最近、というほどでもないが、ここ数年のパソコンは本当に「多芸」になったものだと思う。歌声合成ソフトにより歌を歌い、音声合成ソフトによって自然に話をし、翻訳ソフトにより他国語を翻訳してくれる。そして、人間の話した内容を普通に「聞き取り」してくれる「AmiVoiceSP 2」である。「こうした『コンピュータが自動的に何かをしてくれるソフト』は、実際に使ってみるとまだまだ『完璧』というには遠い」ということは、多くの人が実感しているのではないだろうか。翻訳ソフトなどは、あらかじめ原文を人間が「翻訳しやすいように」編集しておかなければ、なかなかよい結果が得られないし、歌声合成ソフトでも、自然に聞こえるようになるまでには、かなりのノウハウが必要となる。
そうしたソフトと比較すると、音声認識ソフトは実力がかなり上がってきたようだ。
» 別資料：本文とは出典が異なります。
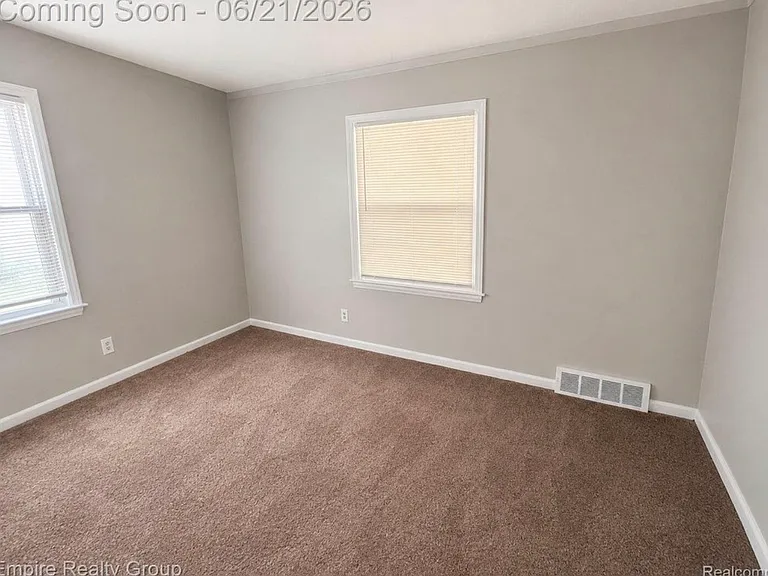 7815 Artesian St — Photo 10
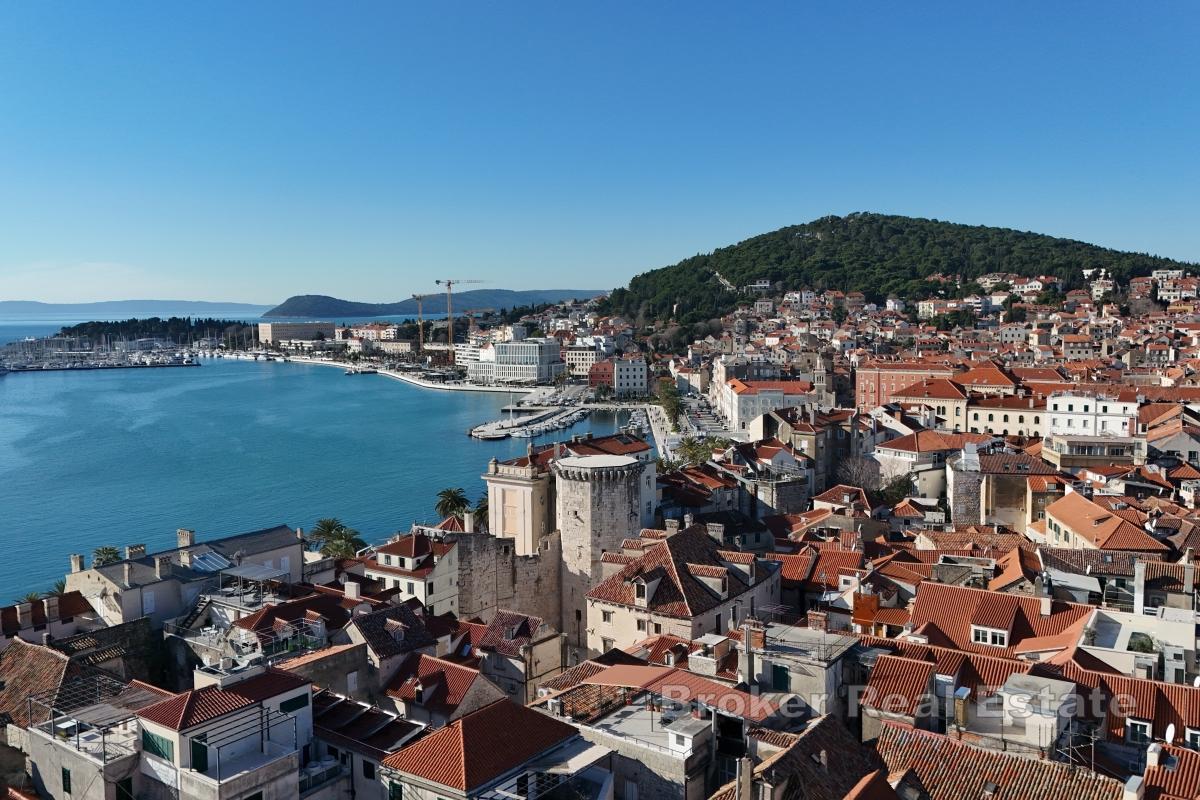 Propriété unique à fort potentiel en plein cœur de la ville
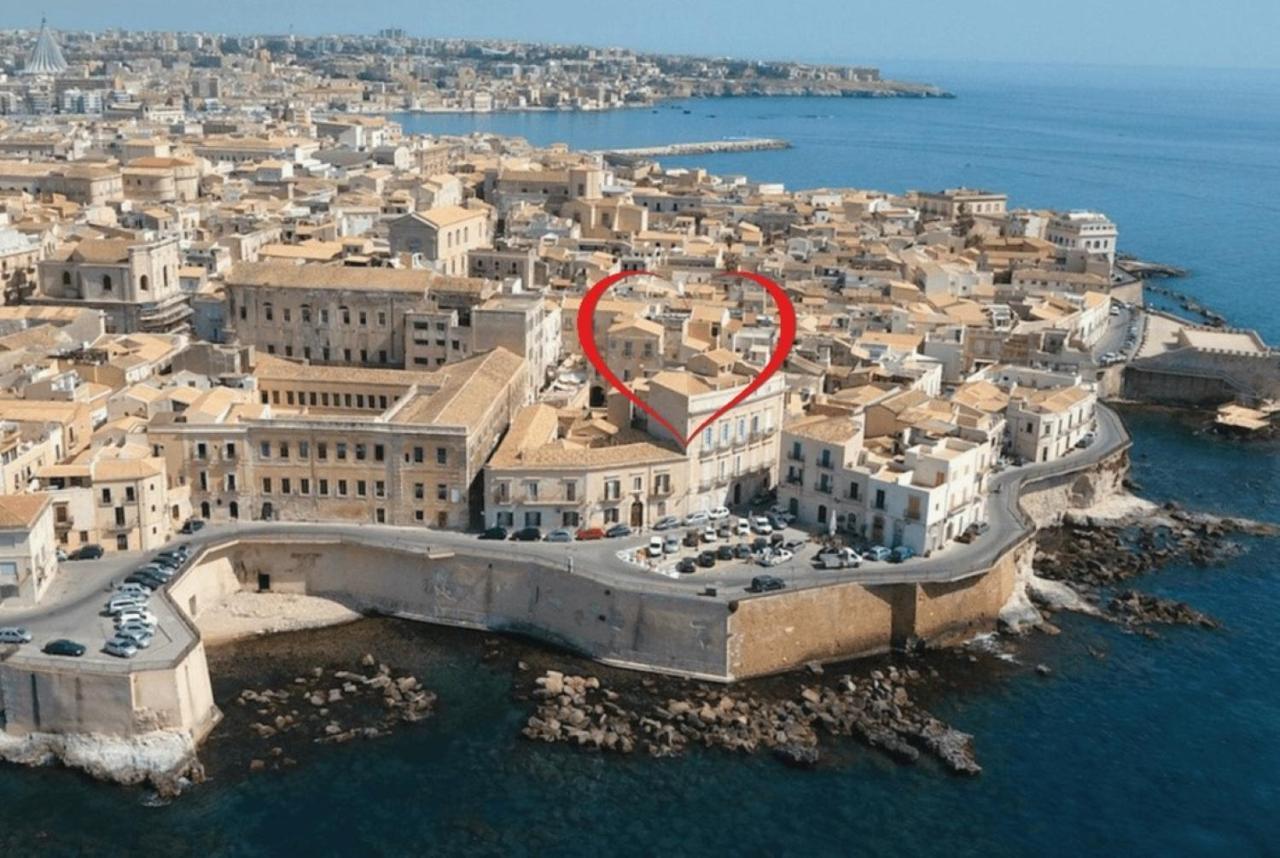 Casa Nagale- Una Suite Di Charme Nel Cuore Di Ortigia A 50 Mt Dal Mare 시라쿠사 외부 사진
「AmiVoiceSP 2」を使用してみるとわかるが、まさにソフトの売り文句の通り、「普通に話す」内容をかなり正確に認識してくれる。「かなり」という表現も微妙だが、マイクの調整さえよければ、数個の文章くらいは間違えることなく認識してくれるほど、精度は高い。最終的には目視確認が必要とはいえ、十分に使えるレベルにあると感じた。
あまり知られていないかもしれないが、WindowsではWindows 7でもWindows 8でも、標準で日本語対応の音声認識機能を搭載している。だが、それらと比較しても「AmiVoiceSP 2」の認識精度は、レベルの違いを感じさせるほど。人間が普通に会話する速度に追いつけるほどの文字入力は、日本語の場合、キーボード入力に相当慣れていないと難しい。だが「AmiVoiceSP 2」ならば、誰でも会話に近い速度で文字入力を実現できる可能性がある。